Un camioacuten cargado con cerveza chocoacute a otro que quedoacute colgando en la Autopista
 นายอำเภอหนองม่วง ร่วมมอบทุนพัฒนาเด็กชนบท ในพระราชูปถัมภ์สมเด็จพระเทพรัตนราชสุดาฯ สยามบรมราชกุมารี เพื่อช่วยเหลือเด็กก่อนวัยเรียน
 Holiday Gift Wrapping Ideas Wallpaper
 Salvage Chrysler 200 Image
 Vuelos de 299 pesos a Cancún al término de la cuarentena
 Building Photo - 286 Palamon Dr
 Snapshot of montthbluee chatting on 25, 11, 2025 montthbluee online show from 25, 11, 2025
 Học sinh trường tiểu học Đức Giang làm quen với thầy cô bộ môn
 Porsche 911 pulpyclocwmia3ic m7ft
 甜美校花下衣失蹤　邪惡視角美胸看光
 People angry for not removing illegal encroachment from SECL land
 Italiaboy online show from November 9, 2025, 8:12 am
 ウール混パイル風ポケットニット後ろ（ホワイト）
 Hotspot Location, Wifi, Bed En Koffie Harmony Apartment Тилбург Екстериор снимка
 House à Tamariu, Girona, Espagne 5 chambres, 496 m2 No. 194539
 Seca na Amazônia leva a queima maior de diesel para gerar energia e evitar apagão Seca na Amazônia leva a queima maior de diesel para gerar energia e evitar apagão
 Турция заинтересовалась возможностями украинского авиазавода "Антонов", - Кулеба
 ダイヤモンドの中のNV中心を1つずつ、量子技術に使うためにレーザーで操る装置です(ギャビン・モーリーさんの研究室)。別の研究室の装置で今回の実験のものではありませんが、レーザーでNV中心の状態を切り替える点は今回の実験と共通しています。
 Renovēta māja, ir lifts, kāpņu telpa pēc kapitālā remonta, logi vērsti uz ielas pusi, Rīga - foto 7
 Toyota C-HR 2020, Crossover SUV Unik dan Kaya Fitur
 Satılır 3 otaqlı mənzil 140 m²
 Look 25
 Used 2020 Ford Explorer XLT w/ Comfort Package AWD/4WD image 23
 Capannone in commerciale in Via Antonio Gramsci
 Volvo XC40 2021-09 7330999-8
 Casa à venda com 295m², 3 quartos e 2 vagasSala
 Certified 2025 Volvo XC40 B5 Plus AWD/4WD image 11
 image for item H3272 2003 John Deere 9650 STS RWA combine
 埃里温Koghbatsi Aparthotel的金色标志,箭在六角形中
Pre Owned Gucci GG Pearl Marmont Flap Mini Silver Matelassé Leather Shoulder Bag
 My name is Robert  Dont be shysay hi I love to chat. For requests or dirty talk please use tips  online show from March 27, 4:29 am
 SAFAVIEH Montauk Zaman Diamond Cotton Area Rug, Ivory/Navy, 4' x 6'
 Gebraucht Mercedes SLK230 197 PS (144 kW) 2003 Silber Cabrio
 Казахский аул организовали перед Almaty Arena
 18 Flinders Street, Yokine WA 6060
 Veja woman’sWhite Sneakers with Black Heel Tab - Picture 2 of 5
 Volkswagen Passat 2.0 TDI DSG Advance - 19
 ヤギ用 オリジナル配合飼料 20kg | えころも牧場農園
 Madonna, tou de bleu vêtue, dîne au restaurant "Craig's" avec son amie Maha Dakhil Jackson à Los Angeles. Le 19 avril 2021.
################
| Work required |
Everything starting at the line containing "evitar apagão Seca" and ending at the line containing "ヤギ用 オリジナル配合飼料 20kg | えころも牧場農園" in the records above should be repeated exactly, and only that.

| Exercise response |
 Seca na Amazônia leva a queima maior de diesel para gerar energia e evitar apagão Seca na Amazônia leva a queima maior de diesel para gerar energia e evitar apagão
 Турция заинтересовалась возможностями украинского авиазавода "Антонов", - Кулеба
 ダイヤモンドの中のNV中心を1つずつ、量子技術に使うためにレーザーで操る装置です(ギャビン・モーリーさんの研究室)。別の研究室の装置で今回の実験のものではありませんが、レーザーでNV中心の状態を切り替える点は今回の実験と共通しています。
 Renovēta māja, ir lifts, kāpņu telpa pēc kapitālā remonta, logi vērsti uz ielas pusi, Rīga - foto 7
 Toyota C-HR 2020, Crossover SUV Unik dan Kaya Fitur
 Satılır 3 otaqlı mənzil 140 m²
 Look 25
 Used 2020 Ford Explorer XLT w/ Comfort Package AWD/4WD image 23
 Capannone in commerciale in Via Antonio Gramsci
 Volvo XC40 2021-09 7330999-8
 Casa à venda com 295m², 3 quartos e 2 vagasSala
 Certified 2025 Volvo XC40 B5 Plus AWD/4WD image 11
 image for item H3272 2003 John Deere 9650 STS RWA combine
 埃里温Koghbatsi Aparthotel的金色标志,箭在六角形中
Pre Owned Gucci GG Pearl Marmont Flap Mini Silver Matelassé Leather Shoulder Bag
 My name is Robert  Dont be shysay hi I love to chat. For requests or dirty talk please use tips  online show from March 27, 4:29 am
 SAFAVIEH Montauk Zaman Diamond Cotton Area Rug, Ivory/Navy, 4' x 6'
 Gebraucht Mercedes SLK230 197 PS (144 kW) 2003 Silber Cabrio
 Казахский аул организовали перед Almaty Arena
 18 Flinders Street, Yokine WA 6060
 Veja woman’sWhite Sneakers with Black Heel Tab - Picture 2 of 5
 Volkswagen Passat 2.0 TDI DSG Advance - 19
 ヤギ用 オリジナル配合飼料 20kg | えころも牧場農園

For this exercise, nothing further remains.